In recent years, the term “thriller” has come to have more than one meaning. Oftentimes when we talk about thrillers today, what we’re describing are psychological suspense stories. A sub-genre of that includes the domestic suspense novel. The domestic suspense novel “really delves into what’s going on in the interior lives of ordinary people,” Gardiner said. “The idea that we can never really know what lurks behind the happy, supposedly normal facade.”

These novels have exploded in popularity since Gone Girl, thought to be the catalyst for readers’ insatiable appetite for domestic and psychological thrillers.

Gone Girl brought it all out into everyone’s consciousness,” Herren said. “And there’s a lot of really great books being written in that genre, which is great for everyone.”

“There’s obviously a hunger for stories that really dig deep into the lives, the minds, the betrayals of ordinary people,” Gardiner said. “Everyday life can be pretty dark and twisty.”

Women Writers Get Their Due

But domestic suspense novels have been around for many years.
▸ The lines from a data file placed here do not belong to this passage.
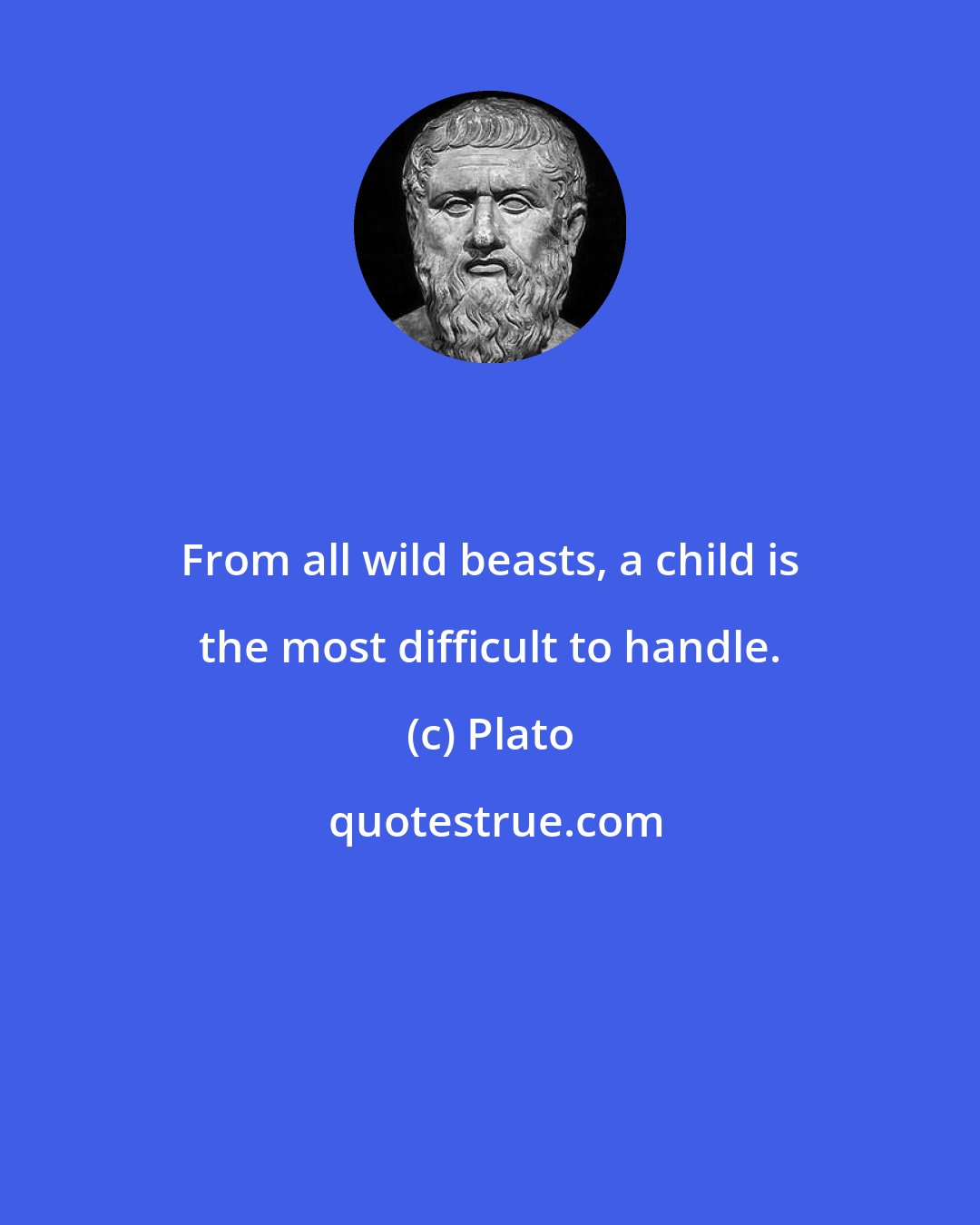 Plato: From all wild beasts, a child is the most difficult to handle.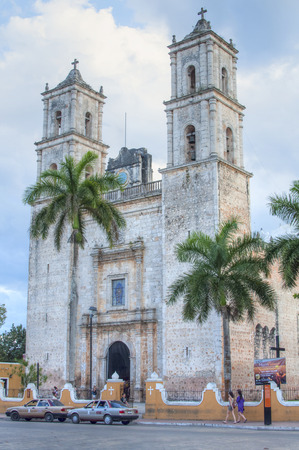 VALLADOLID, MEXICO - JANUARY 20, 2015: The Cathedral of San Gervasio was built in the 16th century and still retains its spendor in the heart of historical downtown Valladolid, Mexicoのeditorial素材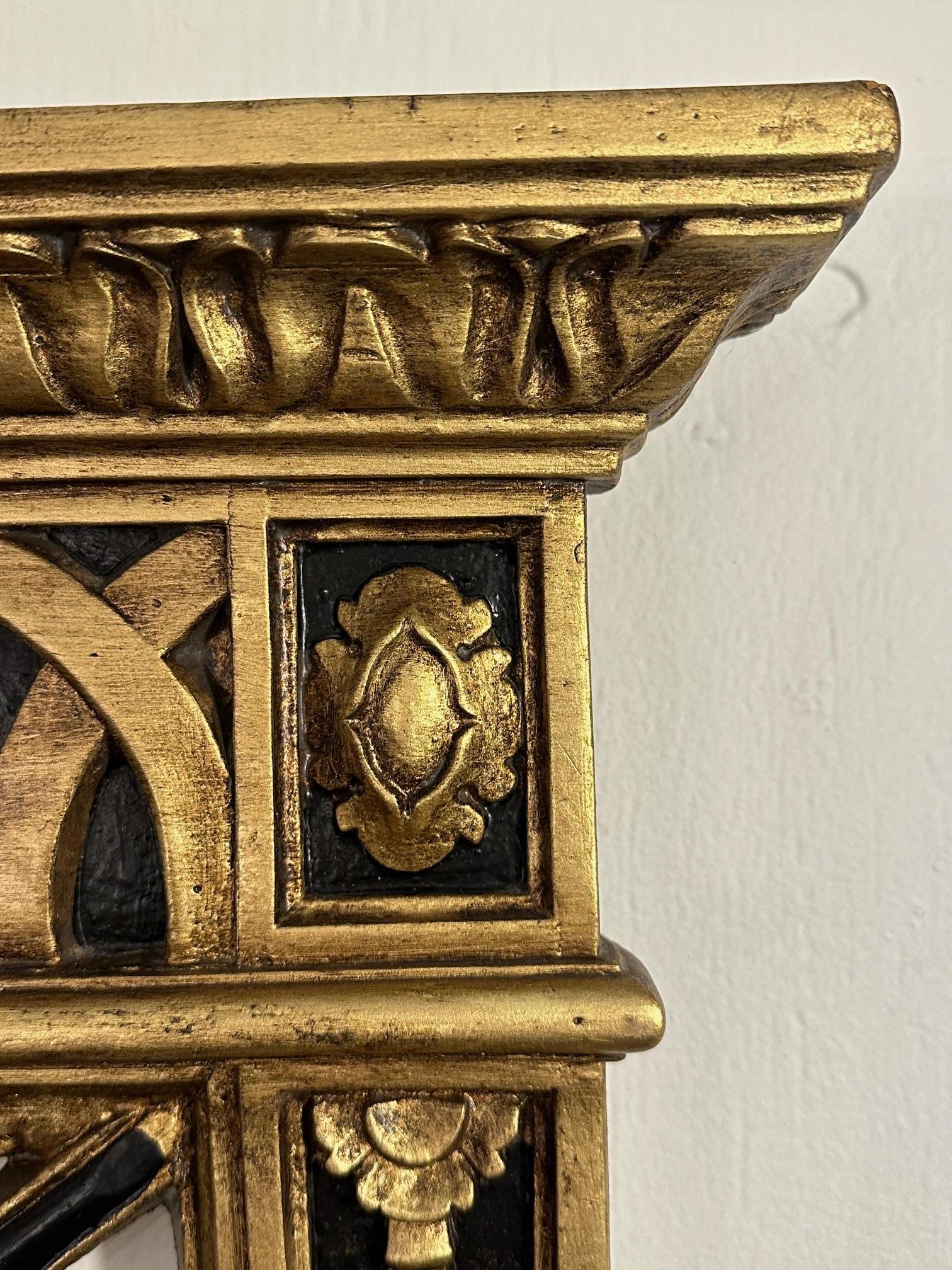 Atemberaubender großer schwarz-goldener Wandspiegel im neoklassischen Stil (Ende des 20. Jahrhunderts) im Angebot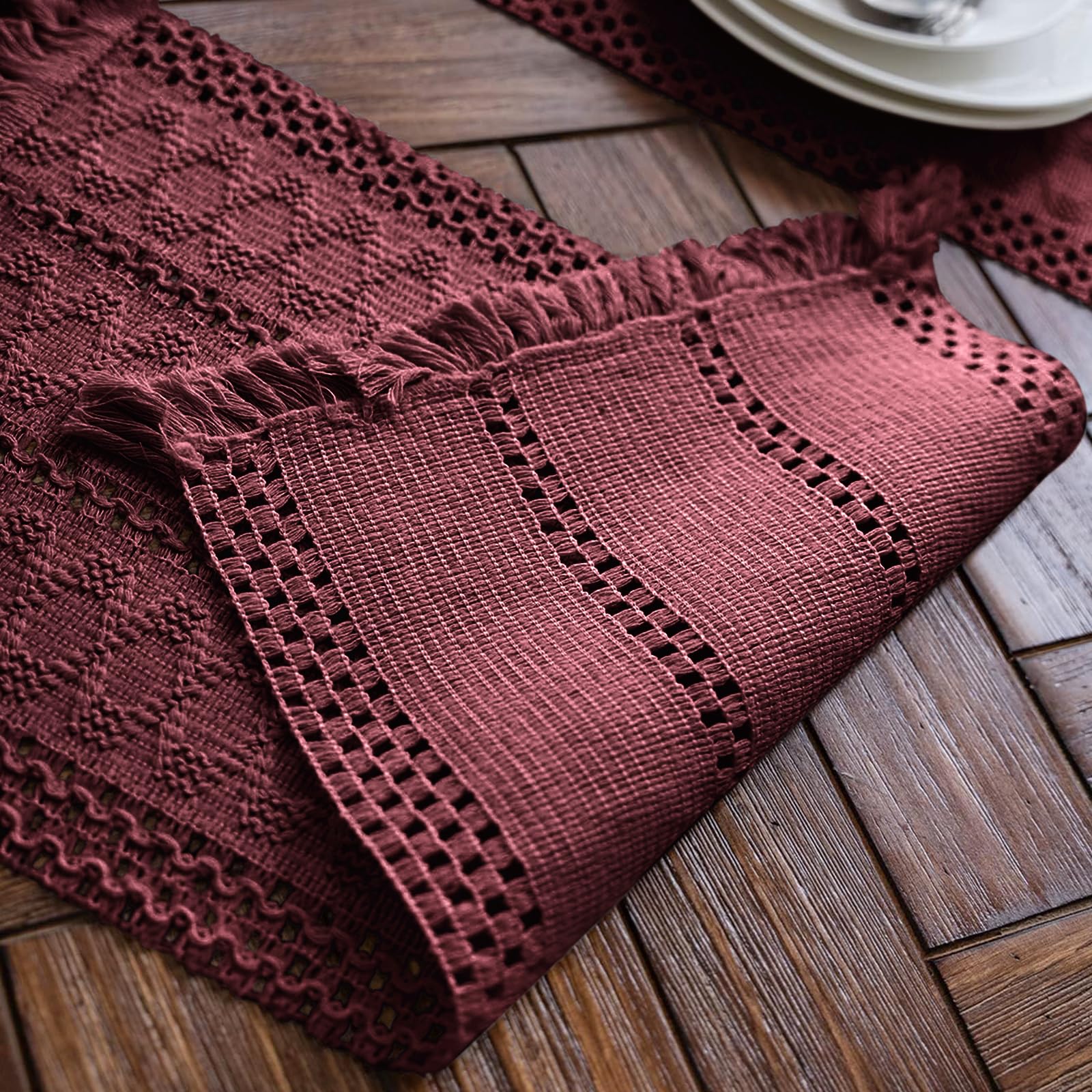 Alynsehom close-up of burgundy weave highlights rustic charm on tables.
In the 1940s and ’50s, many of these books were written by women and about women. While male mystery and suspense writers easily received acclaim, female writers didn’t have the same staying power. Many of the domestic suspense novels of this era are out of print today, especially those written by women.

“Women writers and books that centered the female experience never got quite the respect they were due in the publishing world, and particularly in crime fiction,” said Greg Herren, author and executive vice president of Mystery Writers of America. Herren said women writers in the mid 20th century were doing just as good work as their male counterparts, but they centered female characters, making it more difficult for their books to receive recognition.

The writers and main characters of these stories haven’t changed in 70 years: today’s most popular domestic suspense novels are stories about women, with female authors leading the charge. Beyond Gillian Flynn, authors such as Greer Hendricks, Lisa Jewell, Paula Hawkins, Liane Moriarty, Shari Lapena, Mary Kubica, and many more have written popular domestic thrillers in the past ten years.

“It’s become blessedly obvious that female protagonists and female authors can write the hell out of all kinds of thrillers,” Gardiner said. “Heroines will draw huge audiences.”

Trends in Domestic Suspense

One major trend in the genre can be found in the titles. So many of the popular thrillers feature a feminine word in the name: girl, woman, mother, wife, and sister can be found in numerous thriller titles each year. Unlike decades past, readers and publishers are embracing the women-led stories featured in domestic suspense. Instead of being a liability, readers and publishers embrace them.

Another major characteristic of domestic suspense novels is the source of the conflict: interpersonal relationships. In all of these novels, characters keep or uncover secrets between spouses, siblings, parent and child, and friends.

At first, the conflicts in domestic thrillers can seem tame compared to the plots of international spy novels. But readers connect to these types of conflicts precisely because they are relatable. These are stories of ordinary people with extraordinary secrets. It could be anyone you know. It could be you.

“What happens when the person you married turns out to be a sociopath?” Herren said of the appeal of domestic suspense.

Psychological Thrillers Aren’t Going Anywhere

Discovering the dark past of ordinary people is exhilarating and frightening, and exactly why we crave these stories. And the demand for domestic thrillers is here to stay.

“Obviously I think the genre is here to stay,” Gardiner said. “I cannot predict past tomorrow. Who knows? Somebody is going to just come shooting out of the gate and blow us all out of the water with something fresh and exciting.”